Harbinger is simply nuts here, and Thoughtseize is garbage. Sowers are pretty good as long as I don’t draw them too early, as they are a handy (if often temporary) answer to big Figures.

Versus Kithkin:
-4 Broken Ambitions
-1 Chameleon Colossus
-1 Oona, Queen of the Fae
-1 Doran, the Siege Tower
-1 Crib Swap
+3 Sower of Temptation
+2 Soul Snuffers
+2 Treefolk Harbinger
+1 Nameless Inversion

As ever, this sideboard plan is dead simple. I want as much removal as I can get, and I want it as cheaply as I can get it. As with Five-Color, I am going down on Changelings just a tad (to the tune of the one Crib Swap) simply because drawing two Crib Swaps is nothing short of awful in this matchup. Drawing one Swap is bad enough, but it’s not such a disaster that I can justify the impact on Wren’s Run Vanquisher and my manabase that would result from taking out all three of them.

Initially I had 2 Shriekmaw in the Soul Snuffers slot, but I wised up to the fact that even though Shriekmaw is easier on the curve, I drop a lot more games in this matchup to Stillmoon Cavalier and to token generators like Spectral Procession and Cloudgoat Ranger than I do to anything else, and I’d really like to maximize my outs to them if they resolve.

Versus Doran:
-4 Doran, the Siege Tower
-4 Wren’s Run Vanquisher
+3 Sower of Temptation
+2 Treefolk Harbinger
+2 Demigod of Revenge
+1 Nameless Inversion

I am still all about the Chameleon Colossus superiority in this matchup. I knew I wanted to bring out Doran, as he is among the most useless cards in this matchup, and I also knew that I wanted to bring in Demigod and Treefolk Harbinger. I also wanted Sower, as it can turn around Colossus races simply by stealing the other guy’s for a turn (even if it is immediately hit by Shriekmaw, which it usually is), besides which it provides the alternate win condition of “my Sower remained in play.”

Naturally, I then had to make a decision as to what I should cut to make room for the Sowers. I knew it wouldn’t be Cryptic Command, Chameleon Colossus, Thoughtseize, Broken Ambitions, or Crib Swap. Basically none of the cards that have a good shot at stopping a Colossus are coming out in this matchup. That left Oona, Scarblade Elite, Wren’s Run Vanquisher, and Nameless Inversion. If I cut Scarblades or Inversions, I remove 3 Elves from my deck, making Vanquisher unreliable; the choice is, therefore, Vanquisher by default.

Finally, I wanted the fourth Inversion help me save on my Crib Swaps by removing early Wolf-Skull Shamans (you really can’t just let that guy go unchecked from turn two) and to help power my lands and Scarblade Elite.

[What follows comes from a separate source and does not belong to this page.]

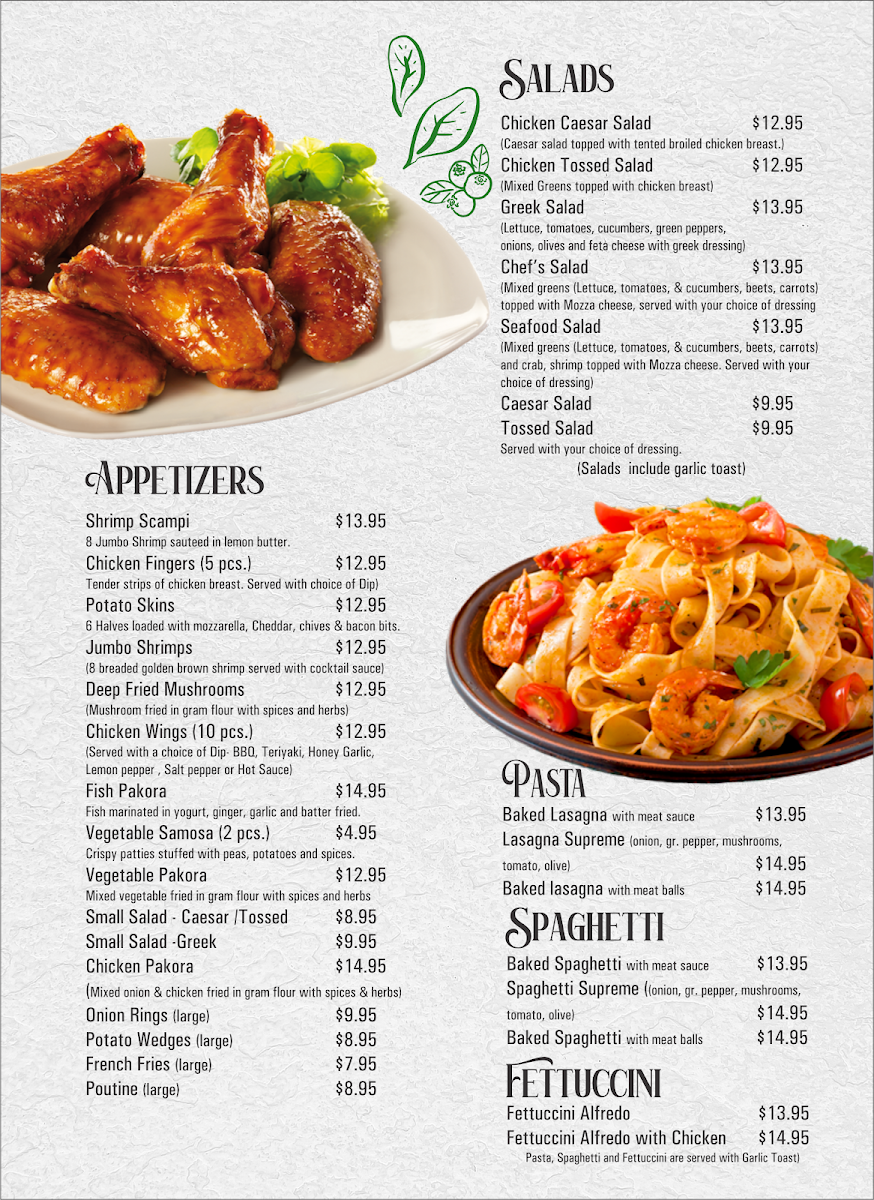 Menu, Chris' Place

If I remove 4 Doran and replace them with 2 Harbingers and an extra Inversion, I have only decreased my total Treefolk count by 1. Since I am boarding out 4 Vanquishers and only 1 Inversion in, my Elf count is going down by three, but then again my Faerie count is going up by 3 due to the addition of the Sowers. All in all, the Inversion helps me balance back out to 15 Elves, 13 Treefolk, and 15 Faeries.

So I’ve come full circle. I played in my first PTQ of the season with Counter Elves featuring Broken Ambitions, and it looks like I’ll be doing the same in the last. The list is vastly superior, including Doran, Scarblade Elite, and Crib Swap over Imperious Perfect, Leaf Gilder, and two very out-of-place Bitterblossoms. I now have access to Demigod of Revenge, Treefolk Harbinger, Wispmare, and Soul Snuffers post-board, where before I had only Shriekmaw and Stillmoon Cavalier. I like my chances a lot better this time around.

As many writers have said before, this might not be the optimal deck to play in a vacuum, but for me, and for this next tournament, I believe it’s the one that gives me the best shot at victory. I have lots of tricky, interactive cards at my disposal, I’m playing a deck that I know well, and I have no truly awful matchups that I am aware of. I’m no more thrilled to be paired against Faeries than anyone else is (Faeries players included), but though your mileage may vary, I personally like my chances of beating the Fae a lot better with Counter Elves than I do with Five-Color or Faeries itself.

To those of you with your final PTQ this weekend, good luck!